With nice original paint?  Sure!


----------



## tryder (Mar 29, 2018)

Here is the stem that was on it:


----------



## rustjunkie (Mar 29, 2018)

What's the plan for it @tryder ?


----------



## tryder (Mar 29, 2018)

rustjunkie said:


> What's the plan for it @tryder ?



Well, I have wanted one of these with nice paint for awhile.   The plan is to build it up and ride it.


----------



## rustjunkie (Mar 29, 2018)

tryder said:


> Well, I have wanted one of these with nice paint for awhile.   The plan is to build it up and ride it.
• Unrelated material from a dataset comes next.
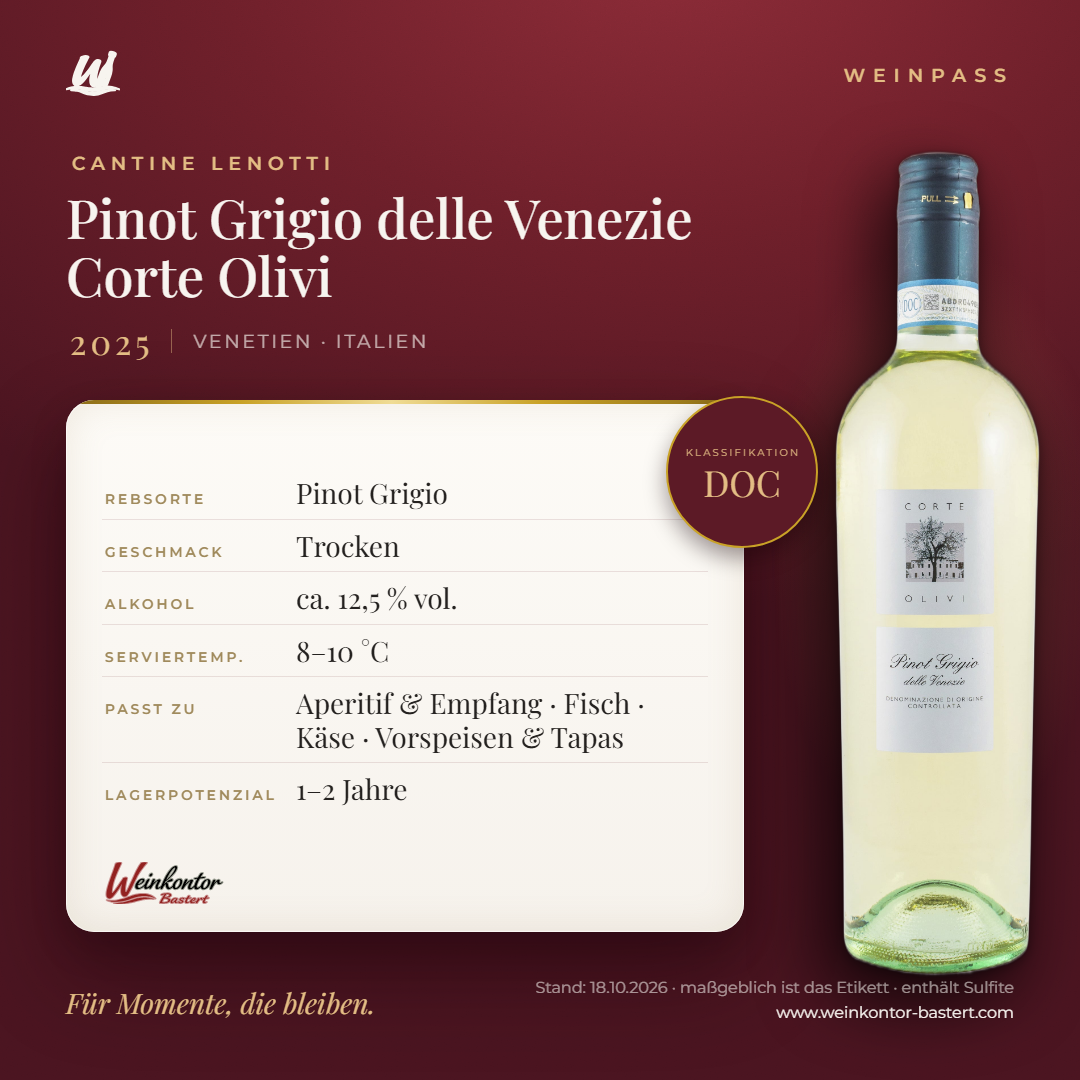 Pinot Grigio delle Venezie Corte Olivi Cantine Lenotti DOC – Venetien – Weinpass | Weinkontor Bastert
cool! back to stock or custom?


----------



## tryder (Mar 29, 2018)

rustjunkie said:


> cool! back to stock or custom?




Oh I am usually very particular about being correct but I just love the sticker on the front and may just leave it on for awhile so it will be mostly stock with a few "liberties".  I have a some very nice heavy duty period correct  wheels similar to the war versions.  Not sure if I am going to use  Texas longhorn bars or box bars at this point. I just got a beautiful Huffman chainring yesterday.  Huffman truss rods are on the way.


----------